[DATA SECTION]
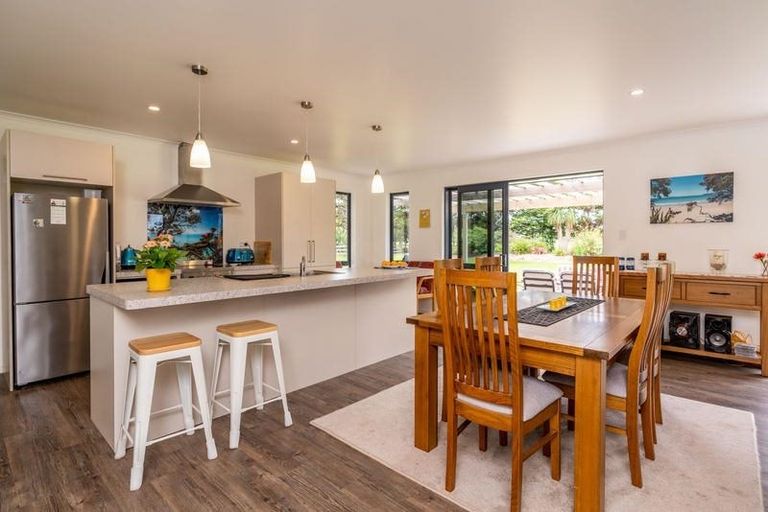 Photo of property in 25 Johnson Point Road, Waipu, 0582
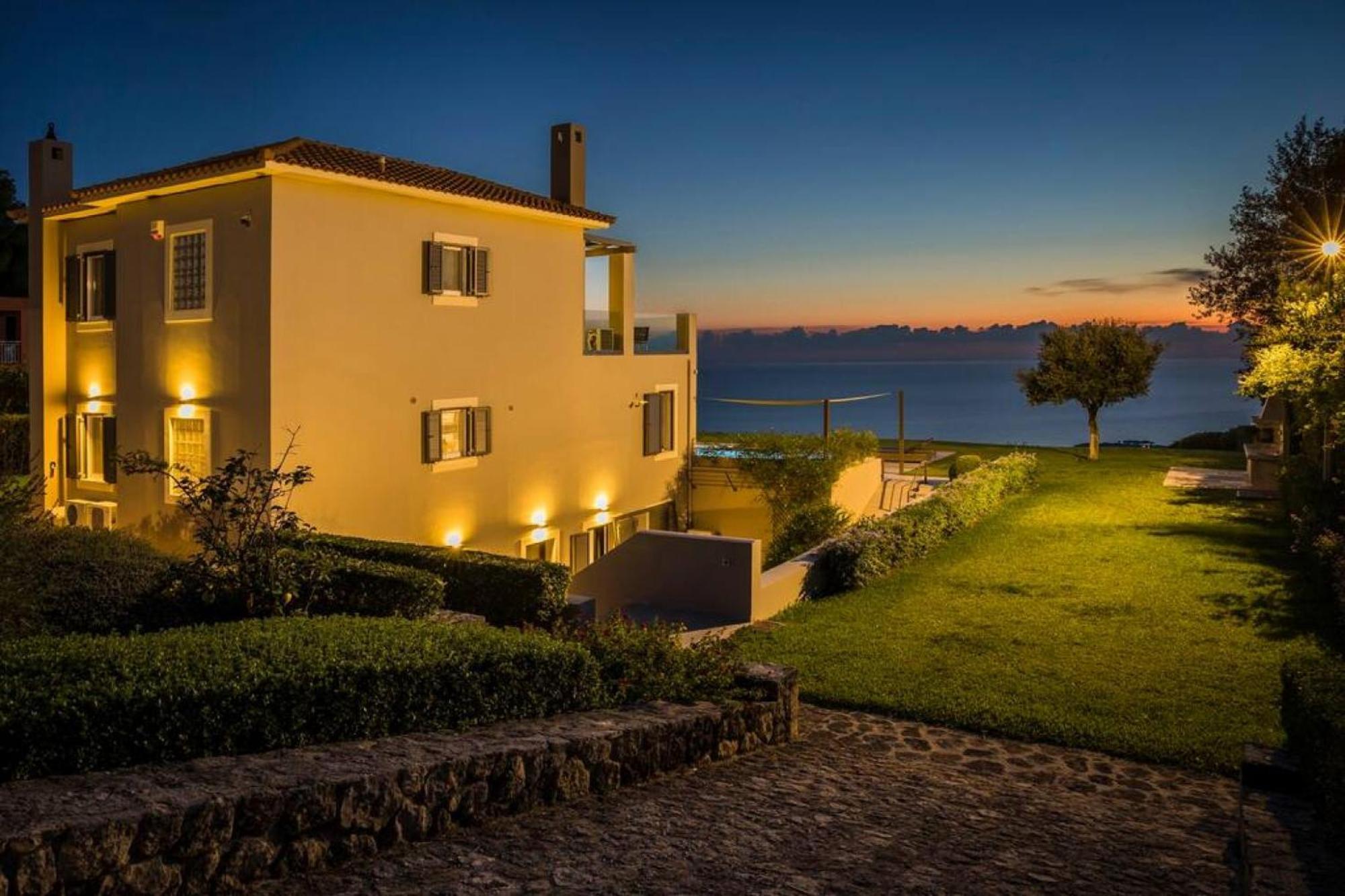 Grande Azzurro In Lakithra Villa Екстериор снимка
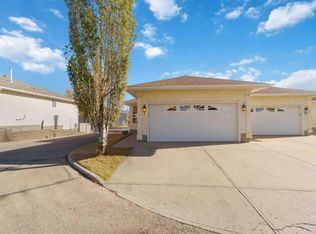 14428 Miller Blvd NW #1, Edmonton, AB T5Y2Y6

[PROMPT]
Set down all of the material above exactly as written, leaving the pictures out.

[RESPONSE BOX]
 Photo of property in 25 Johnson Point Road, Waipu, 0582
 Grande Azzurro In Lakithra Villa Екстериор снимка
 14428 Miller Blvd NW #1, Edmonton, AB T5Y2Y6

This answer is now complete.